### Task prompt
The reply must repeat the listing below exactly and carry none of its pictures.

### Data excerpt
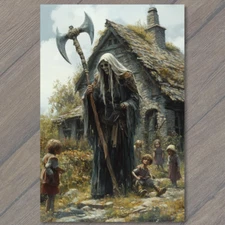 Art Print Giant Reaper Figure Cottage Scene Children in Danger Fantasy Dread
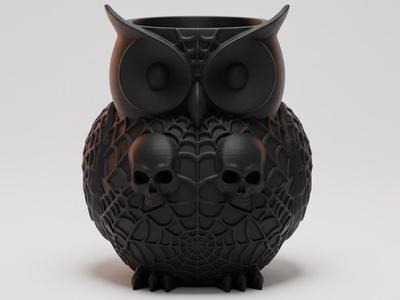 Gothic Owl pen holder/ pot with Spiderweb & Skulls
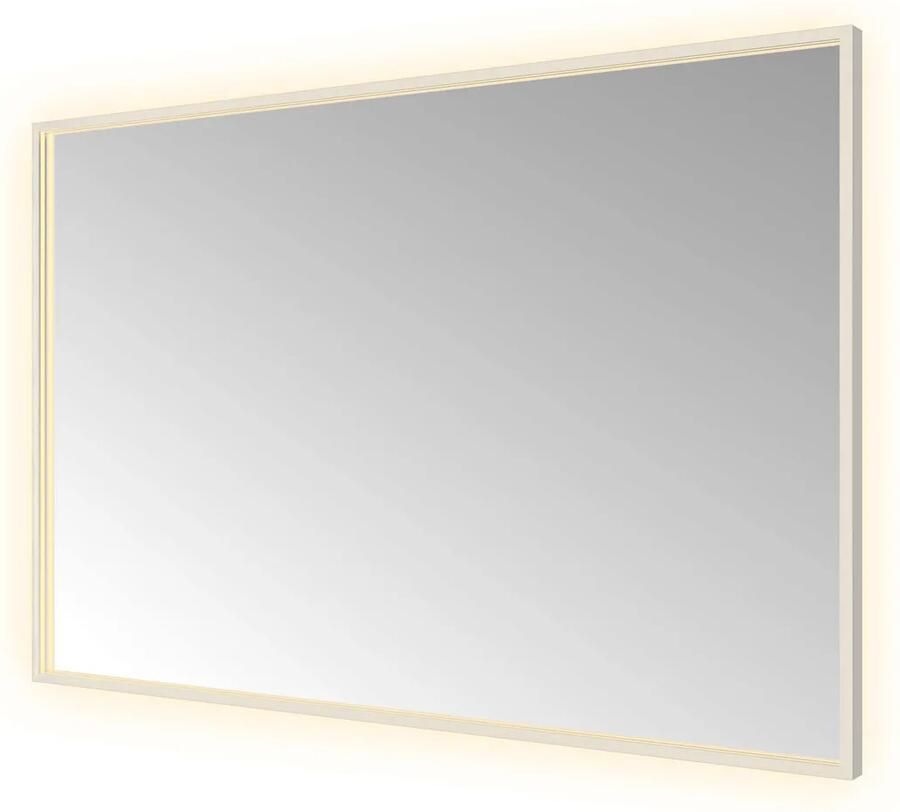 Hotbath &MORE Spiegel directe en indirecte LED color changing spiegelverwarming dimbaar met afstandsbediening Geborsteld messing PVD SQU128IX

### Task answer
 Art Print Giant Reaper Figure Cottage Scene Children in Danger Fantasy Dread
 Gothic Owl pen holder/ pot with Spiderweb & Skulls
 Hotbath &MORE Spiegel directe en indirecte LED color changing spiegelverwarming dimbaar met afstandsbediening Geborsteld messing PVD SQU128IX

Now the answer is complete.